Pennsylvania widow files $20M suit against town of Ocean City
BARBARA GRZINCIC The Daily Record Newswire
(July 3, 2009) A woman who lost her husband and daughter to carbon monoxide poisoning at an Ocean City hotel has filed a $20 million lawsuit against the town's Fire/EMS Division for failing to come to their aid for more than four hours.
Yvonne Boughter, who settled another lawsuit against the hotel operator in late March, filed the new action in U.S. District Court in Baltimore on Friday — one day before the third anniversary of the deaths.
According to the complaint, the Boughters, of Lebanon, Pa., were staying at the Days Inn Hotel on the Boardwalk when they fell ill. Yvonne Boughter placed a 911 call from her cell phone around 9:43 a.m. on June 27, 2006, and told the dispatcher her family had been ill all night, her husband was having trouble breathing, speaking and vomiting, and her daughter was vomiting.
She gave the dispatcher her room number and confirmed it later in the conversation, and also provided her cell phone number before lapsing back into unconsciousness, the suit says.
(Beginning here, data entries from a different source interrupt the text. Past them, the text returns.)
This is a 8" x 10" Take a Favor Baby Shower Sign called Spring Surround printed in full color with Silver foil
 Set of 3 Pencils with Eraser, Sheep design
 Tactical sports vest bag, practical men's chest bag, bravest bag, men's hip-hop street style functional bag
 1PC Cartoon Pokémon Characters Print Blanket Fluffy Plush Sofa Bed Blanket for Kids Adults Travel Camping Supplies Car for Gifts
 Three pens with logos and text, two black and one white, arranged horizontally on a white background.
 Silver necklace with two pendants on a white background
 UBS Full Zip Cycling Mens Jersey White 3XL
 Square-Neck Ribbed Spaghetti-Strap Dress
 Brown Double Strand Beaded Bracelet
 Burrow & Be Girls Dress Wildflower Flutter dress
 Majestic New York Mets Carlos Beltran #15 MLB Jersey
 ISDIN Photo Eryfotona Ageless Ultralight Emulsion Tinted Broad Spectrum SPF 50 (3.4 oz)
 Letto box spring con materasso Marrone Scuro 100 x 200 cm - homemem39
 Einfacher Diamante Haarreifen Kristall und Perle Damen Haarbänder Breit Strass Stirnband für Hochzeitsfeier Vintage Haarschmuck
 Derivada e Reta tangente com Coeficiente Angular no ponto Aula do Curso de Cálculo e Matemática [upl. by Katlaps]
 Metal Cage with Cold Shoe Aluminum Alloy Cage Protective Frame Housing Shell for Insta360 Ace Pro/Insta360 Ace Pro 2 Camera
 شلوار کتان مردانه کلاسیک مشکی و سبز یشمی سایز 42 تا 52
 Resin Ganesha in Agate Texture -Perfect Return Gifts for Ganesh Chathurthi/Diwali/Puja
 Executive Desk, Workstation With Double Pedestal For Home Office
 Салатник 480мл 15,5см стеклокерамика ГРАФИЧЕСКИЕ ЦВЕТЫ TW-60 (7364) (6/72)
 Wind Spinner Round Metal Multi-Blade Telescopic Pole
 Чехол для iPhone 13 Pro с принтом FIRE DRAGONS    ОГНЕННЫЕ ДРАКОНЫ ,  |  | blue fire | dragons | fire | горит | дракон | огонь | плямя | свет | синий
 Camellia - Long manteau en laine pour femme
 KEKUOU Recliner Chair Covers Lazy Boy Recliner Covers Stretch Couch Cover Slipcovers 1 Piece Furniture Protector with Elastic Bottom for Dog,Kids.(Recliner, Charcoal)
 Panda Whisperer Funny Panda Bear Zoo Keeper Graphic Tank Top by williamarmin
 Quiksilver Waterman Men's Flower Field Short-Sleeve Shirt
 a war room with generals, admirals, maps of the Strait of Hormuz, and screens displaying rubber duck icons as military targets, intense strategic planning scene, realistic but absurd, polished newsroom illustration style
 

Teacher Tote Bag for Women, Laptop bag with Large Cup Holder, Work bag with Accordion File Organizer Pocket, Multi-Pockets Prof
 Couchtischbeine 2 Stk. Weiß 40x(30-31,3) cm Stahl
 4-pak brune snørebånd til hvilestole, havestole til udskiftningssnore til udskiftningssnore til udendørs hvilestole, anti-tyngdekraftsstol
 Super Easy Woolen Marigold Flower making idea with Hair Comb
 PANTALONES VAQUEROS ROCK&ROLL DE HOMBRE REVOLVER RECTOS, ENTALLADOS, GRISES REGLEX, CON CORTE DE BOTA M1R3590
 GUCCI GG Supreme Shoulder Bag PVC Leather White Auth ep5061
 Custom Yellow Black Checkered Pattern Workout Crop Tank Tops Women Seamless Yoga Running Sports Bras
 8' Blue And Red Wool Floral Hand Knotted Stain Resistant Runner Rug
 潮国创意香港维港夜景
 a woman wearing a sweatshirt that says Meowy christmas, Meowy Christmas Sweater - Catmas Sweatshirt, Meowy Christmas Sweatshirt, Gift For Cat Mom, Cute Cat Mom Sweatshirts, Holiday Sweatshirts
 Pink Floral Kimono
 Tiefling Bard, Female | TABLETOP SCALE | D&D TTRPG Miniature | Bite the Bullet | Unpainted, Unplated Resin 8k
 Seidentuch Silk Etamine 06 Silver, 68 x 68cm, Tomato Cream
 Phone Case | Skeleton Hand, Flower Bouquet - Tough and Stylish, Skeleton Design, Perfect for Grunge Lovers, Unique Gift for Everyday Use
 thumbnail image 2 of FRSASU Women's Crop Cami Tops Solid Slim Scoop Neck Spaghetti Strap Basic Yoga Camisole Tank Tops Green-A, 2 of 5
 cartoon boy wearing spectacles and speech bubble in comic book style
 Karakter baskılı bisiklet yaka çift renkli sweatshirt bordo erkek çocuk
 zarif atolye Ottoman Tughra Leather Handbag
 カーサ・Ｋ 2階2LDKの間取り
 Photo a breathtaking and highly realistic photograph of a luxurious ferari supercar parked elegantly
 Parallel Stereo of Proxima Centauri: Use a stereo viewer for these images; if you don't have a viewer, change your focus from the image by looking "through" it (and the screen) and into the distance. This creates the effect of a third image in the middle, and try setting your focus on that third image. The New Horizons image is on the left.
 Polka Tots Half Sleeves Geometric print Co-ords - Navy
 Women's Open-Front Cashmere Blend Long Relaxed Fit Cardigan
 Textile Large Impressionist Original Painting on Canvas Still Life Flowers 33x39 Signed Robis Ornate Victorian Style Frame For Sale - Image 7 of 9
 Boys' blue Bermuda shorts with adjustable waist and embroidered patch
She came to a little before 2 p.m. and called 911 again.
"Yeah … um … I called you earlier and nobody came yet," she told the dispatcher, according to the complaint. "My husband has passed away, my daughter looks like she passed away also. She's mottled and cold to the touch."
The EMS team arrived about 2:02 p.m., and found Patrick J. Boughter, 40, and Kelly M. Boughter, 10, dead from carbon monoxide poisoning.
The Boughters' younger daughter, Morgan, survived.
Ocean City emergency officials found no wrongdoing by the EMS responders, who may have confused Boughter's first call with that of another family staying in adjacent rooms.
In addition to the town of Ocean City, the lawsuit names Brooks Morris of Delmar and Bryon Trimble of Berlin, Md., as defendants.
Morris and Trimble are allegedly the EMS employees who were dispatched when Yvonne Boughter called 911 the first time, who never went to the Boughters' room.
Boughter seeks actual and punitive damages on behalf of herself and her husband's and daughter's estates.
They are represented by Steven A. Allen of Hodes, Pessin & Katz in Towson and Dean F. Piermattei of Rhoads & Simon in Harrisburg, Pa.
City Solicitor Guy R. Ayres III did not return a call for comment.